As I write this today July 17th 2018 is the fifty first anniversary of the passing of John Coltrane. Often "passing" is a euphemism for dying, but occasionally it is an accurate description of the transition from the corporeal to the spiritual state, and I don't mean New Jersey.

Everything that follows here is a meditation on my personal experience with the music of John Coltrane, and what I believe it means.

Here is the official disclaimer: I am not a jazz scholar or musician. My experience as a human, an African-American, a jazz radio programmer, a writer, and intense listener fill the well I am dipping from.

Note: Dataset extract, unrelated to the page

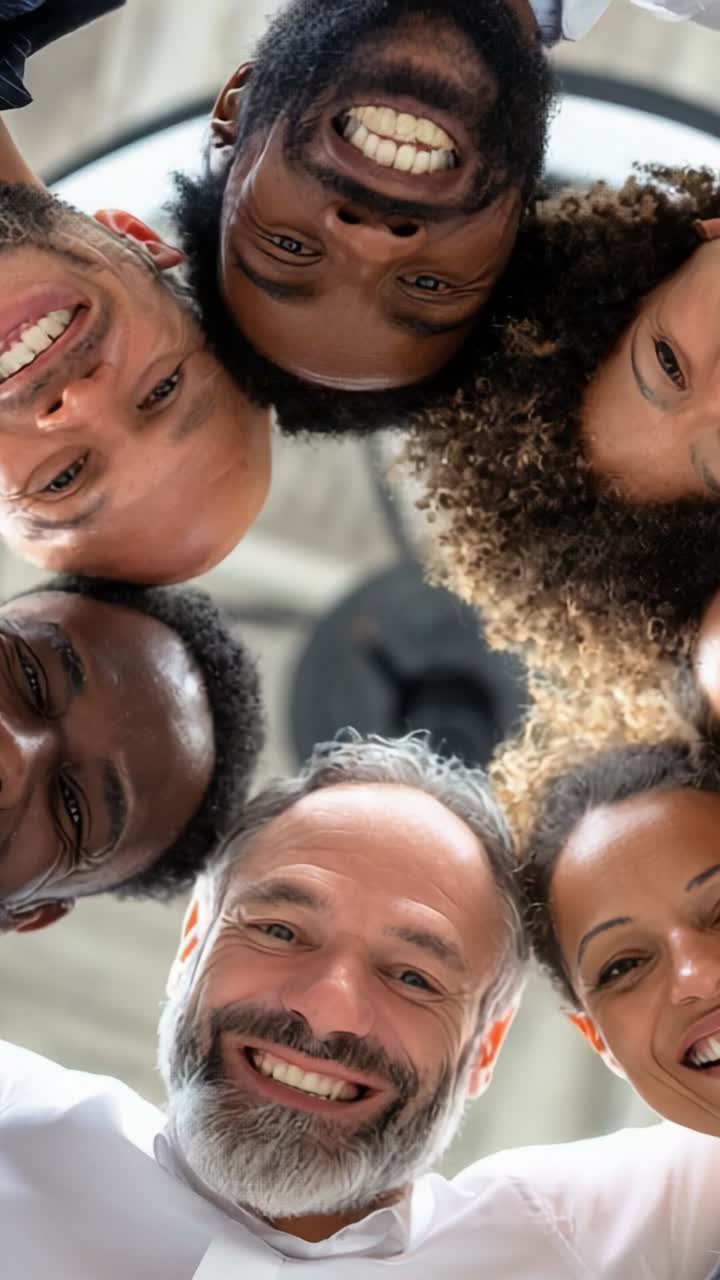 A joyful group of diverse friends gathers together, sharing laughter and positivity while posing for a fun picture from a unique perspective overhead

Recently two new recordings have brought Coltrane back into the forefront of the American cultural conversation. The first one was the latest in the release of concert bootlegs featuring the brief collaboration between Coltrane and Miles Davis, The Final Tour Vol. 6 which was recently reviewed here

The second was a 1963 studio album which was previously unreleased, Both Directions At Once: The Lost Album.

I am not going to review that record here. Just get it.

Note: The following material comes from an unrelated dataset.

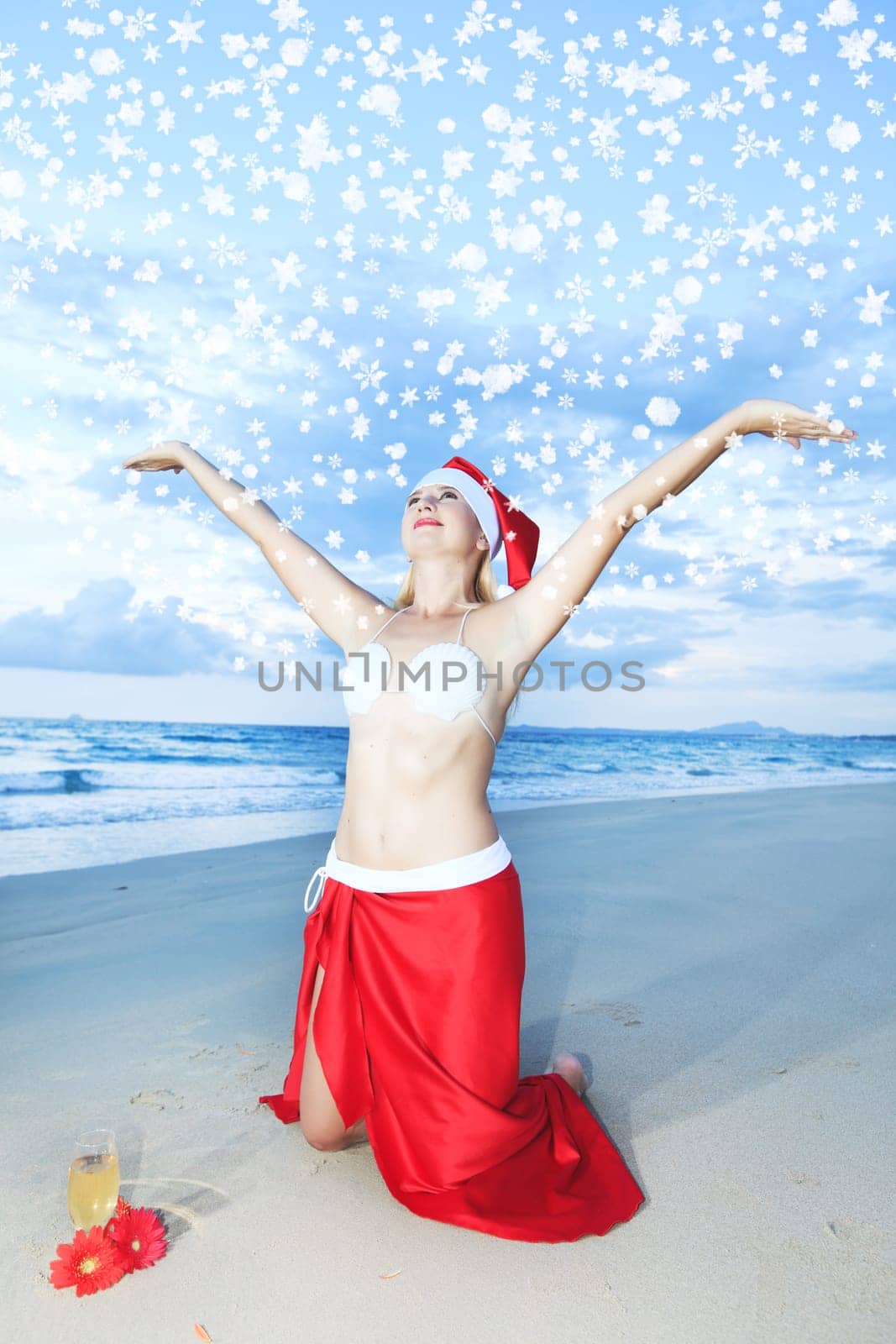 Miss Santa celebrates Christmas at the tropical beach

It is popular to build a myth around artists that obscures their embodiment. Coltrane walked, talked, spat, and shat. He felt, smelt, cried and lied. I never met him, saw him, or met anyone close to him. The intimate connection I sense to what I call John Coltrane is entirely a work of imagination driven by neurological responses and subsequent reflections.

Through the music he and his collaborators created there emerges constantly for me a Coltrane spirit. That is what I mean from here on out when I refer to Coltrane.

That spirit utters a cry to transcend categorization by race, gender, class, nationality, or genre, by summoning up the divine. When that occurs authentically people call it genius.

For me it is essential to recognize that Coltrane's greatest creativity coincided with the process of humanization for African-Americans, colloquially called the civil rights movement.

Implicit in his music and performance were African-American, African, and other non-European influences that easily co-existed with the "norms", pop music and Euro-American melodic convention. In other words, his music was integrated. He was not alone in doing this, Charlie Parker, Miles Davis, and a long list of other folks followed suit.

What is special about Coltrane is the level of spiritual commitment to using whatever tools were handy, melodies, harmonic structures, rhythms, players, compositional acumen, moods and sensibilities, to evoke the supreme.

And people got it. Black people got it. White people got it. Pop music fans got it. Intellectuals got it. Coltrane moved the needle. He was not a great black artist. He was a great artist who was black. That's liberation. That's Coltrane. That's why his music continues to matter through time.